Bug #72635 | data inconsistencies when master has truncated binary log with GTID after crash | ||
---|---|---|---|
Submitted: | 13 May 2014 18:24 | Modified: | 8 Dec 2014 15:34 |
Reporter: | Santosh Praneeth Banda | Email Updates: | |
Status: | Closed | Impact on me: | |
Category: | MySQL Server: Replication | Severity: | S2 (Serious) |
Version: | 5.6.16, 5.6.17 | OS: | Any |
Assigned to: | CPU Architecture: | Any |
[13 May 2014 18:24]
Santosh Praneeth Banda
[13 May 2014 18:24]
Santosh Praneeth Banda
Updating severity level
[19 May 2014 9:20]
MySQL Verification Team
Hello Santosh, Thank you for the bug report. Verified as described. Thanks, Umesh
[19 May 2014 9:24]
MySQL Verification Team
// Master/Slave with MySQL version 5.6.17 With GTID enabled - None issue reported(Slave up, even syncing new data) but observed data inconsistencies(lost those events which were truncated during crash) Without GTID enabled - Slave's IO thread stopped with: Last_IO_Error: Got fatal error 1236 from master when reading data from binary log: 'Client requested master to start replication from position > file size; the first event 'master-bin.000003' at 3382, the last event read from './master-bin.000003' at 4, the last byte read from './master-bin.000003' at 4.'
[8 Dec 2014 15:34]
David Moss
Thanks for your feedback. The following was added to the 5.6.23 and 5.7.6 changelog with commit 4747: In normal usage, it is not possible for a slave to have more GTIDs than the master. But in certain situations, such as after a hardware failure or incorrectly cleared gtid_purged, the master's binary log could be truncated. This fix ensures that in such a situation, the master now detects that the slave has transactions with GTIDs which are not on the master.

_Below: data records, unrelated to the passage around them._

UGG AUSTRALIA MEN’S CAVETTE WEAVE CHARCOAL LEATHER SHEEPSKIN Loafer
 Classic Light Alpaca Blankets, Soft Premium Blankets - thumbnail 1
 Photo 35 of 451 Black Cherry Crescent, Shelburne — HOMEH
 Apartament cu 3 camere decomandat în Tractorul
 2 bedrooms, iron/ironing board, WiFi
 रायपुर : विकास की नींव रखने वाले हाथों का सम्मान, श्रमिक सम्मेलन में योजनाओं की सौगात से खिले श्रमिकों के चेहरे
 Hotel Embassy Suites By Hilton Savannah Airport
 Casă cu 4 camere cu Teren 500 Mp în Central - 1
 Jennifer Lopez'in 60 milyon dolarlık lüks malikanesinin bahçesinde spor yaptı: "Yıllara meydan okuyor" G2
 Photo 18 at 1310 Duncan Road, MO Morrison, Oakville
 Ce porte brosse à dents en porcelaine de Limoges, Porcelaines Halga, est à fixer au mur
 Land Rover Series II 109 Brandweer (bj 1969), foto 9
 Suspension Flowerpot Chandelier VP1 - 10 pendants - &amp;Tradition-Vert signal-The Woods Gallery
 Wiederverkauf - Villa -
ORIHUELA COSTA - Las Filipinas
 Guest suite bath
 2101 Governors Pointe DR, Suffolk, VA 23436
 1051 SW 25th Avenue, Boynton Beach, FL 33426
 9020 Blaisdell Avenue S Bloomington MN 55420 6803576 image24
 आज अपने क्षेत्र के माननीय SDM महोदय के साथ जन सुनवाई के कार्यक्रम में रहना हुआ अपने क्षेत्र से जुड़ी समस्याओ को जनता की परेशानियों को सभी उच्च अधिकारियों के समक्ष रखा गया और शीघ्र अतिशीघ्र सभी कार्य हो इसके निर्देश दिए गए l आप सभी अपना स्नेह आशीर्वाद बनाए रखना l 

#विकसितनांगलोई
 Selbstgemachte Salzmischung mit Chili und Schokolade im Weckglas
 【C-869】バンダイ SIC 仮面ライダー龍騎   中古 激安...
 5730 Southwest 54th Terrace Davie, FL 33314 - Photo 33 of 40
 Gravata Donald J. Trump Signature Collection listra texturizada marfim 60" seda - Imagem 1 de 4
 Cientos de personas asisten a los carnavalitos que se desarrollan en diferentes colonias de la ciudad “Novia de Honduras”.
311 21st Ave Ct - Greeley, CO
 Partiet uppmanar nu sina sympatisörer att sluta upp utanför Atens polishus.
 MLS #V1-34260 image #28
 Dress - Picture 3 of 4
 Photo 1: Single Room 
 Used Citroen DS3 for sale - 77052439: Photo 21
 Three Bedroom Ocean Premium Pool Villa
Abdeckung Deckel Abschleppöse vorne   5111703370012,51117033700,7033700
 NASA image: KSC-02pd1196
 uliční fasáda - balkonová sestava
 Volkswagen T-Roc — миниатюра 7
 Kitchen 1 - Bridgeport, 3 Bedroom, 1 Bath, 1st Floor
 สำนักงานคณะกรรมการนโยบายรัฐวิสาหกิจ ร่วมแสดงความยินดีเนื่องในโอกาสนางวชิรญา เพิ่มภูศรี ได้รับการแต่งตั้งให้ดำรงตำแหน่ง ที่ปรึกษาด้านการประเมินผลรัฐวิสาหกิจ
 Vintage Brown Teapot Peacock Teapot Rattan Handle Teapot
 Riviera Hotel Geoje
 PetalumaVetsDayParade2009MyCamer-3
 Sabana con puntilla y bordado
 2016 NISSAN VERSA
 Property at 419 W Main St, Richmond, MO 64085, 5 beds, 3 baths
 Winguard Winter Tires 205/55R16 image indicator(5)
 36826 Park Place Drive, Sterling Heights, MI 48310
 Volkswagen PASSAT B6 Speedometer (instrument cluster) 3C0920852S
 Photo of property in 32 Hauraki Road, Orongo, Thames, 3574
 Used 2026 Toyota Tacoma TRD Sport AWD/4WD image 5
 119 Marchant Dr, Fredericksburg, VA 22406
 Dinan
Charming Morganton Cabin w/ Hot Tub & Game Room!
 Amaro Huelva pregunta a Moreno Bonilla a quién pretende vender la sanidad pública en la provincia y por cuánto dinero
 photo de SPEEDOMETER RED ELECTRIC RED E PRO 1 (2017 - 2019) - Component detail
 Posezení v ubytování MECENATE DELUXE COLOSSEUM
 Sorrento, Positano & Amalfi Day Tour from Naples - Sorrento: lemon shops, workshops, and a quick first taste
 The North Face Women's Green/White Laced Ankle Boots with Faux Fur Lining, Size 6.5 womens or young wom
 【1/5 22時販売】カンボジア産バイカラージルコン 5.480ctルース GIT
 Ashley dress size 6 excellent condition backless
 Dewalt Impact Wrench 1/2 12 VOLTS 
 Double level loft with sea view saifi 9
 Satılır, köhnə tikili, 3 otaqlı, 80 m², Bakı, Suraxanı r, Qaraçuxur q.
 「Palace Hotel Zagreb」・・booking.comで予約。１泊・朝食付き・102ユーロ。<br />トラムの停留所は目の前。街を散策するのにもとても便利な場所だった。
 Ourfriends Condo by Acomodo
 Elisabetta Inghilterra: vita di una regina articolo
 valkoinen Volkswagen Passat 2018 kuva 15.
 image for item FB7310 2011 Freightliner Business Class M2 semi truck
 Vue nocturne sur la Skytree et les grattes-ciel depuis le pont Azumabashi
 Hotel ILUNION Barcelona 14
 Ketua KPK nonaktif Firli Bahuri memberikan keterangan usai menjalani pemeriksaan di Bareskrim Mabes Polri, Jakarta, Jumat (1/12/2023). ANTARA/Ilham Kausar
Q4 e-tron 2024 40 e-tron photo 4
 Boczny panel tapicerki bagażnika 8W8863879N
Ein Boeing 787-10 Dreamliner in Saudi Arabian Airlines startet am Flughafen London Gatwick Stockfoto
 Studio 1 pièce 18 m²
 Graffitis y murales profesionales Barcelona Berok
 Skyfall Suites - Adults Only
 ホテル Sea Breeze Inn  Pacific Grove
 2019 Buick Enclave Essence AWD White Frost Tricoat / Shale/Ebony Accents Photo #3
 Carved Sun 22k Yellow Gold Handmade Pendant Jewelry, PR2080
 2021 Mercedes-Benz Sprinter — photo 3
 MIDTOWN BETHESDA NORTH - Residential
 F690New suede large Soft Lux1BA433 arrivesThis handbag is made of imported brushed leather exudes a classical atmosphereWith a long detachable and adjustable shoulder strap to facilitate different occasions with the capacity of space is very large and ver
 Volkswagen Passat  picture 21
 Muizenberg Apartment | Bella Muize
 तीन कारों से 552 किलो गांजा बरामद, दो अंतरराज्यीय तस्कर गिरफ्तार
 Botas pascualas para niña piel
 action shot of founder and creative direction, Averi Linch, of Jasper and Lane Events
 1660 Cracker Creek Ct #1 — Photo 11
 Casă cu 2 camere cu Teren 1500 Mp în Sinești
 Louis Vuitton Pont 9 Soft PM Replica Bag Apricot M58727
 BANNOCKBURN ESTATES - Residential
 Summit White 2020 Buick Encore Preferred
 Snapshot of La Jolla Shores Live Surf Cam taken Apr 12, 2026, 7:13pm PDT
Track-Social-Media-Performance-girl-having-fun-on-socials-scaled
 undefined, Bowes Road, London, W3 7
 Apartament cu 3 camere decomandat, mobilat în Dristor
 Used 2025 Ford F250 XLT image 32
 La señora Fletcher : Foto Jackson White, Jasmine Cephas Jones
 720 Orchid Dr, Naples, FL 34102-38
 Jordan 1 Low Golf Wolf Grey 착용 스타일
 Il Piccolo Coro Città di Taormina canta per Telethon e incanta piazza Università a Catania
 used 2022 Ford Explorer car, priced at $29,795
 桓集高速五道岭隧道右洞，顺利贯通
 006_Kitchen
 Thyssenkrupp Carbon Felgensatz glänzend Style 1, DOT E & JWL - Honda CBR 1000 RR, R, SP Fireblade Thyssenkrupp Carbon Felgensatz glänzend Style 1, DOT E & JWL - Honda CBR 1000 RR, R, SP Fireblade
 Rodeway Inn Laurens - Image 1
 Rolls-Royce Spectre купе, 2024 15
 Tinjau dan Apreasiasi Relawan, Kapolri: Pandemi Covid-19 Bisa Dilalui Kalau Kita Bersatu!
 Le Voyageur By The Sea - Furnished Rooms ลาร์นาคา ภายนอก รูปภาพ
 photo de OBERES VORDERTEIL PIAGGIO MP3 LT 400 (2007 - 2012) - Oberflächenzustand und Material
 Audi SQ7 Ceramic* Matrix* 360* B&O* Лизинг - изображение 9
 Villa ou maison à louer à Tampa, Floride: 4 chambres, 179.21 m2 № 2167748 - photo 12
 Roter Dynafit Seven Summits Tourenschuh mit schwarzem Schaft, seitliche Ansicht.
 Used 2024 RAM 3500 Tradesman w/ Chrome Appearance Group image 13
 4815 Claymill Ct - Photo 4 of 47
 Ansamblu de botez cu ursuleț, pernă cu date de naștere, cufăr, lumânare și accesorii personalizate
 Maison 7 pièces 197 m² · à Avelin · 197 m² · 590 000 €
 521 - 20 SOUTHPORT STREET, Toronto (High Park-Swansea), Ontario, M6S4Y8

An error is now generated on the slave and the I/O thread is stopped with an error. The master's dump thread is also stopped. This prevents data inconsistencies during replication.
[12 Feb 2015 12:47]
Laurynas Biveinis
$ git show -s 6e6add6 commit 6e6add6bb5649b6f75579c86f5a4a51e95c54fb6 Author: Venkatesh Duggirala <venkatesh.duggirala@oracle.com> Date: Tue Nov 18 09:54:31 2014 +0530 Bug #18789758 DATA INCONSISTENCIES WHEN MASTER HAS TRUNCATED BINARY LOG WITH GTID AFTER CRASH Problem: Master's dump thread is not detecting the case where Slave's gtid executed set is having more gtids than Master's gtid executed set with respective to Master's UUID. Analysis & Fix: In normal scenarios, it is not possible that Slave will contain more gtids than Master with respective to Master's UUID. But it could be possible case if Master's binary log is truncated(due to raid failure) or Master's binary log is deleted but GTID_PURGED was not set properly. That scenario needs to be validated, i.e., it should *always* be the case that Slave's gtid executed set (+retrieved set) is a subset of Master's gtid executed set with respective to Master's UUID. If it happens, Master's dump thread will be stopped and this situation will be informed to Slave during the handshake (thus. slave I/O thread also be stopped with an error (ER_MASTER_FATAL_ERROR_READING_BINLOG). Otherwise, it can lead to data inconsistency between Master and Slave.